Мюриэл смотрит на свой бургер.
– Замолчи, пожалуйста.
– И я все же вспомнила и рассказала ему о своих циклах и о том, что больно, и он сказал, что я, возможно, “кандидат” на эндометриоз. Это влияет на фертильность, говорит. Не лечится и не вылечивается. То есть я должна одинаково бояться и залететь, и не залететь никогда в жизни. – Съедаю одну картофельную палочку. Бургер – не могу. – Как тебе пишется?
Она качает головой.
– Никак не могу закончить чертову войну. Каждый день сажусь и пытаюсь ее закончить – и никак.
– Большая война. Два фронта. Нешуточное дело.
– Кажется, я нервничаю из-за той сцены.
– На озере?
– Ага. – Замысел сцены на озере возник у Мюриэл прежде всего остального. Все прочие замыслы выросли вокруг той сцены. – Как-то мне колченого.
– Да просто вычеркни – и дело с концом.
– Не понимаю, почему мне так кажется. Все равно что страх половой неудачи. А ну как я не смогу от нее стояка добиться?
– Твои читатели лягут с тобой ложечкой и скажут, что это нисколечко не важно и случается с кем угодно.
– У меня вся книга – из-за этой сцены.
– Нет. Может, когда-то была, но теперь уже нет. Отпускай. Это не рассказ с идеальной кульминацией.

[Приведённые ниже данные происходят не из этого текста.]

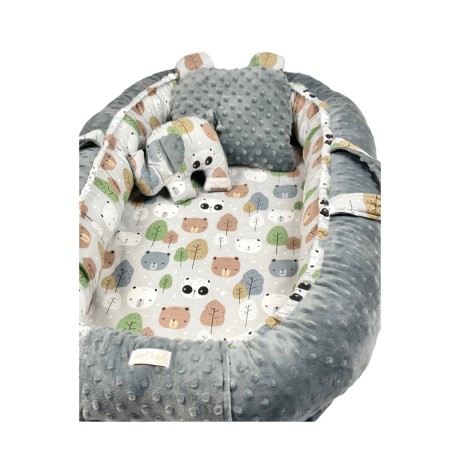 Παιδική Φωλιά Μωρού Bear Buddies Baby Nest με Latex Στρώμα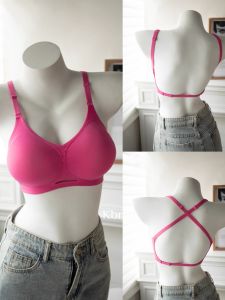 U-Shaped Back Beautifying Thickened Womens Bra Seamless Gathered Small Chest Appears Large Anti-Sagging Cartoon Chest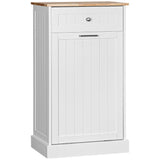 Kitchen Tilt Out Trash Bin Cabinet Free Standing Recycling Cabinet Trash Can Holder With Drawer, 77194873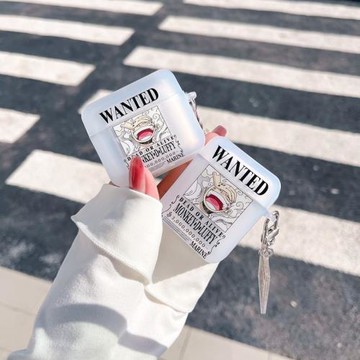 海賊王路飛適用蘋果airpodspro2代無線藍牙耳機保護套airpods3代保護殼airpods1/2代新款二代軟硅膠男生創意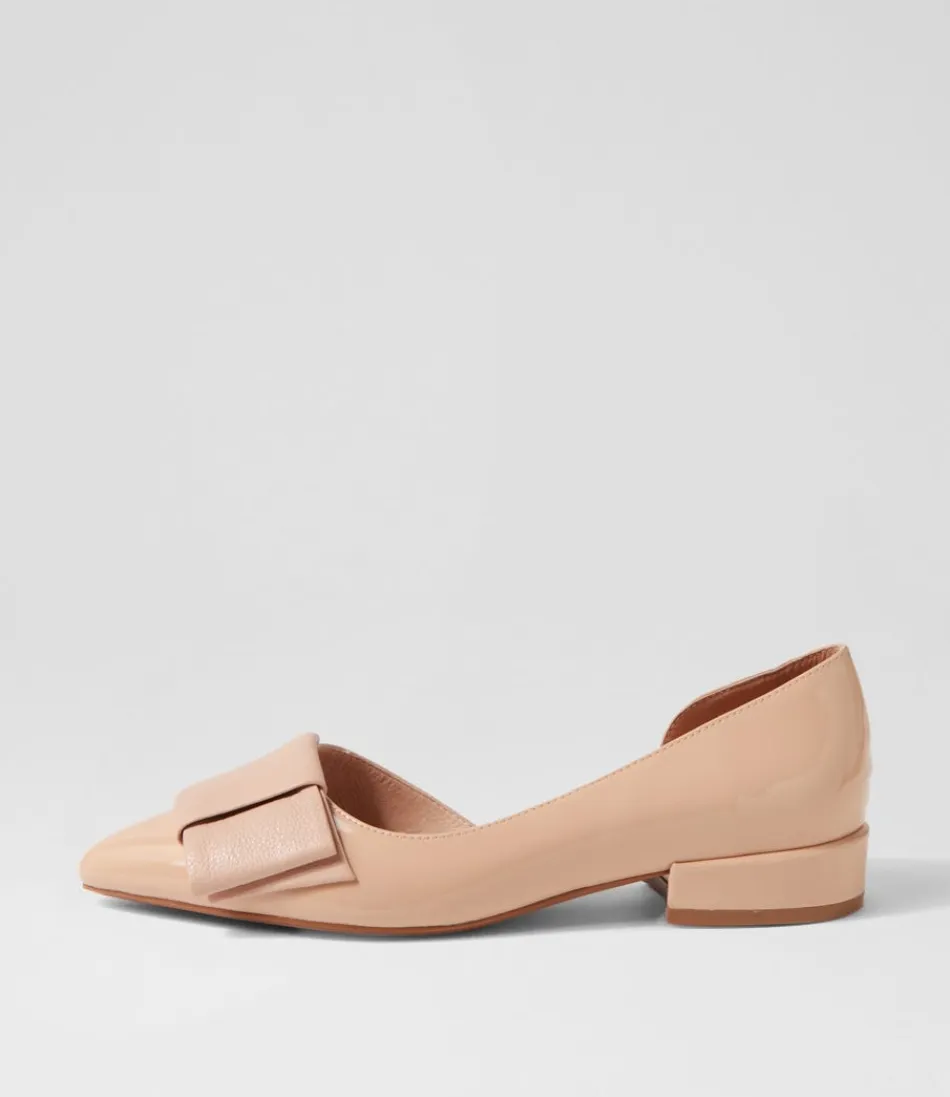 Women DJANGO & JULIETTE Flats<Etha Nude Patent Leather Flat Shoes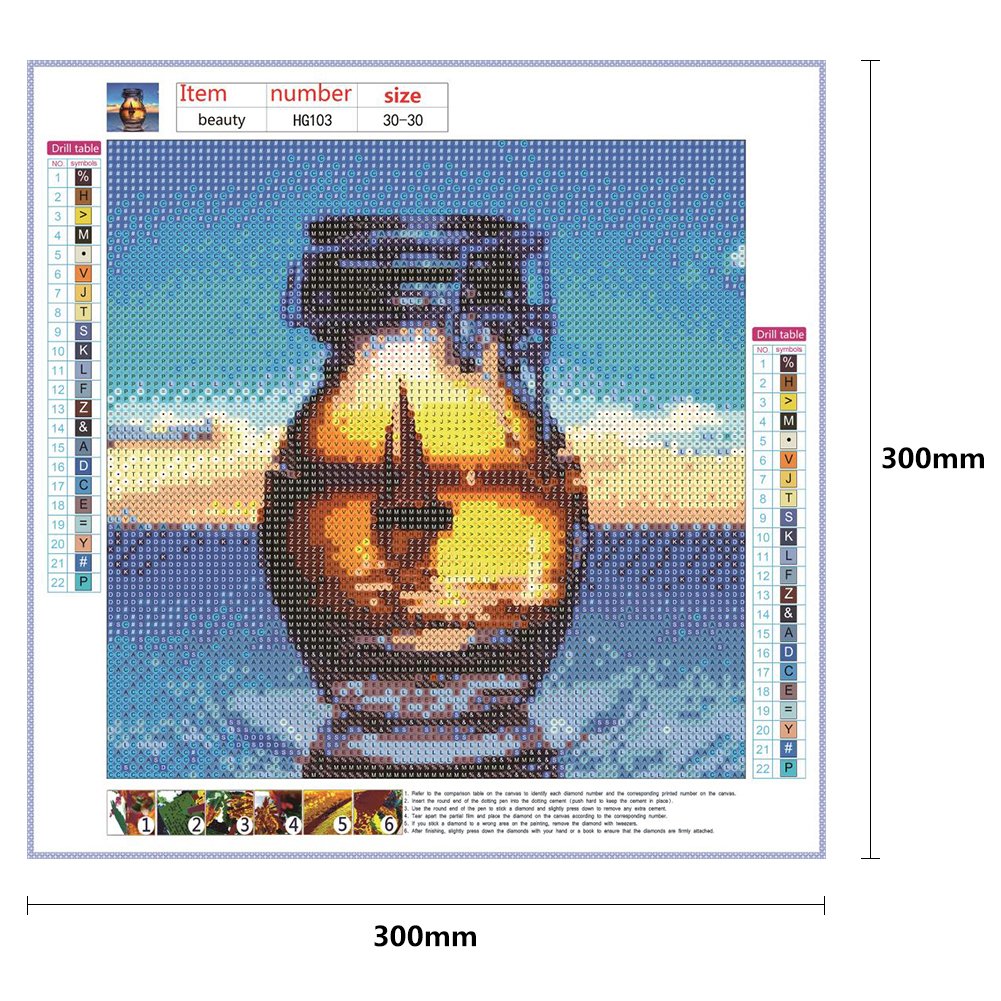 Diamond Painting - Full Round - Bottle Ship Scene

Это кавардак.
– Ага, это понятно. Роман – долгая история, в которой что-то не так, – цитирует она. Эта строчка ходит по рукам, и ее приписывают самым разным писателям.
– Просто отведи их к озеру, и пусть сделают все, что нужно.
Мы всегда рассуждаем уверенно, когда речь о чужой книге.
Маленькое издательство, где она работает, отправляет ее в Рим на какую-то конференцию. Некоторое время она колеблется, не позвать ли ей с собой Христиана. Говорит, в конце концов позвала.